Maxwell, Curry, Divac, Wesley, Matt Geiger and Glen Rice combined for nine late game-winning shots during the course of the season and Rice was again honored by the NBA – this time all-league third team – as it entered the playoffs with a chip on its shoulder against Atlanta.

What had the Hawks done to Charlotte?

Dave Cowens was in his second season as head coach for the Hornets in the 1997-98 season. [Getty Images/Hornets.com photo]
Atlanta had beaten the Hornets all four times in the regular season, making the Hawks the only team in the league that year to sweep Charlotte.

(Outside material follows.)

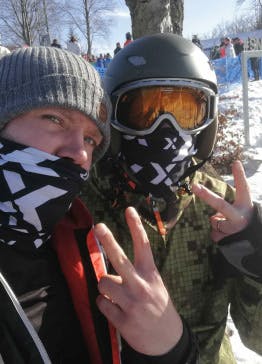 Two Xfive developers during the company's ski weekend.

All that changed in the playoffs as the Hornets won the first two games behind Rice and Anthony Mason; Rice scored 34 points in a 97-87 Game 1 victory and Mason scored nine of his 25 points in the fourth quarter of a 92-85 Game 3 victory.

Playing in the spacious Georgia Dome as the Hawks’ current facility was being built, Charlotte suffered the worst offensive scoring output in league history at that time in Game 3 with 64 points in a 96-64 loss that some thought would give Atlanta second life.

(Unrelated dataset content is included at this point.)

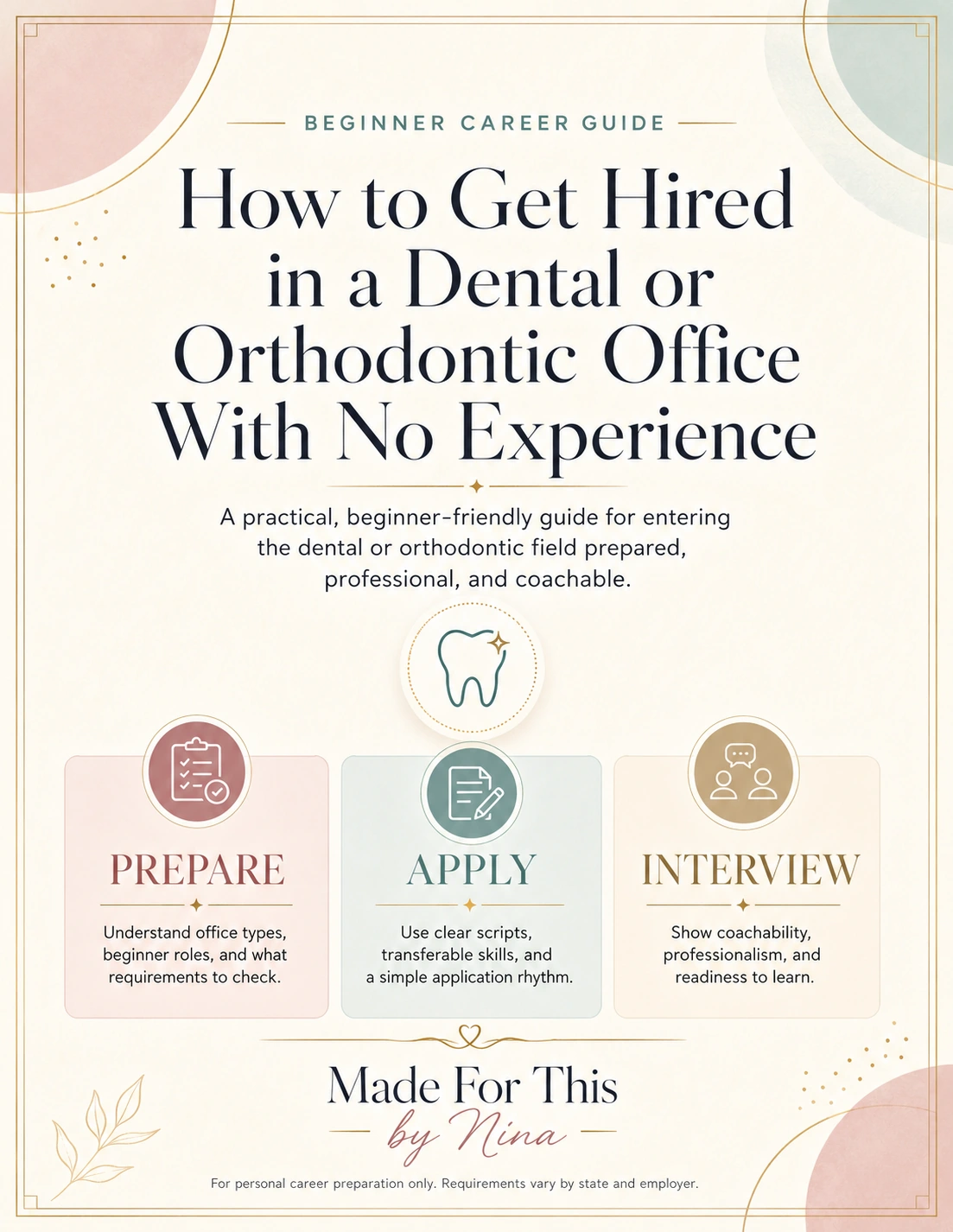How to Get Hired in a Dental or Orthodontic Office With No Experience guide cover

Instead, Mason had 29 points and 14 rebounds and Rice 26 points in a convincing 91-82 Game 4 victory that gave Charlotte a 3-1 series win and a date with the Bulls in the Eastern Conference semifinals.

In the opener at Chicago’s United Center, the Hornets twice took 15-point leads in the second quarter before the Bulls scored 16 straight points to take control of the game and win 83-70 behind Jordan’s 35 points.

In Game 2, Charlotte again pushed the Bulls before closing out a series-tying 78-76 victory as former Chicago guard Armstrong hit an 18-footer in front of the Bulls’ bench to sew up the win.

Armstrong’s shot and his reaction to it certainly got the Bulls’ attention and Jordan and his teammates played at another level the next three games to take a 4-1 series victory over Charlotte.

Jordan scored 27, 31 and 33 points, respectively, as the Bulls downed the Hornets 103-89 in Charlotte in Game 3, 94-80 in Charlotte in Game 4 and 93-84 in Chicago in Game 5.

It also ended an era for the Hornets as Curry, Divac and Geiger would leave as free agents in the upcoming offseason.

 

The 1998 Hornets
Record: 51-31 (4-5 in playoffs)
Head coach: Dave Cowens
Top scorers: Glen Rice 22.3, David Wesley 13.0, Anthony Mason 12.8, Matt Geiger 11.3, Bobby Phills 10.4, Vlade Divac 10.4
Top rebounders: Mason 10.2, Divac 8.1, Geiger 6.2
Notes: Rice again played in the All-Star Game and the Hornets set a franchise record for best home record at 32-9 in an 89-76 win over the Orlando Magic on April 19. Charlotte also had a 10-game winning streak from Games 54 to 63.